Now not all outpatient services are paid based on a fee schedule. Where the payment methods deviate from fee schedules we found they were even more difficult to compare. You can see in this slide a case study that we did of contractual payment terms related to observations services. Observational services are short term assessments used to determine whether a patient needs to be admitted for inpatient care and we found significant variation across the big three Massachusetts payers in the way this service is paid for. So for example, Payer One reimburses for observation services based on defined time increments, but breaks out those time increments in different ways, in actually six different ways, across their contracts with hospitals. Another payer uses a base rate for each hour of observation with a negotiated multiplier multiplied by the number of hours at the stay. The third payer just uses an all-inclusive 24 hour per diem rate and each of these rates further varies by insurance product.

It's hard to compare these approaches and determine which one will provide the best value for consumers.
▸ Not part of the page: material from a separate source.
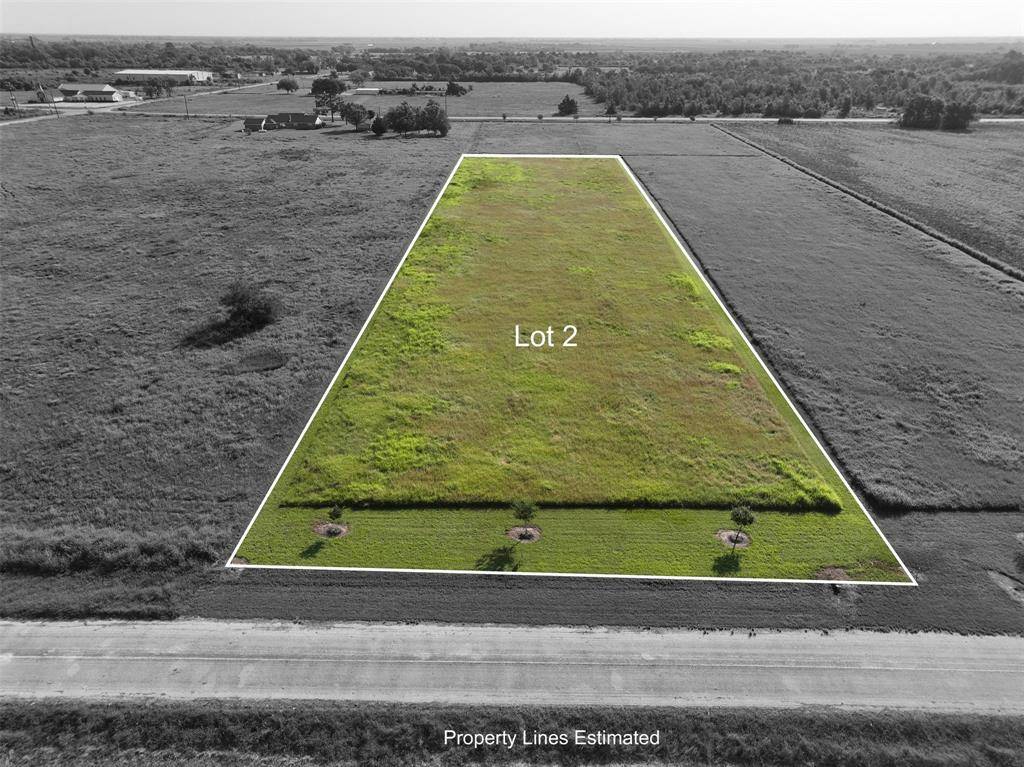 Beasley, TX 77417,000 Neal Rd Lot 2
In some cases it's impossible to tell because one option will be cheaper for a short observational stay but much more expensive for a longer stay. So what this means is that consumers getting the same service at the same hospital may get very different bills due to differences in the underlying payment methods that's been negotiated between the hospital and their payer. These differences in methodology however are not transparent to purchasers. On the inpatient side, payment methods are somewhat more standardized across the big three payers, but variation does exist across the commonwealth. So this slide shows the percentage of Massachusetts hospitals with which each carrier uses a particular inpatient payment method totaling over 100% where multiple methods are used by a single payer for some hospitals.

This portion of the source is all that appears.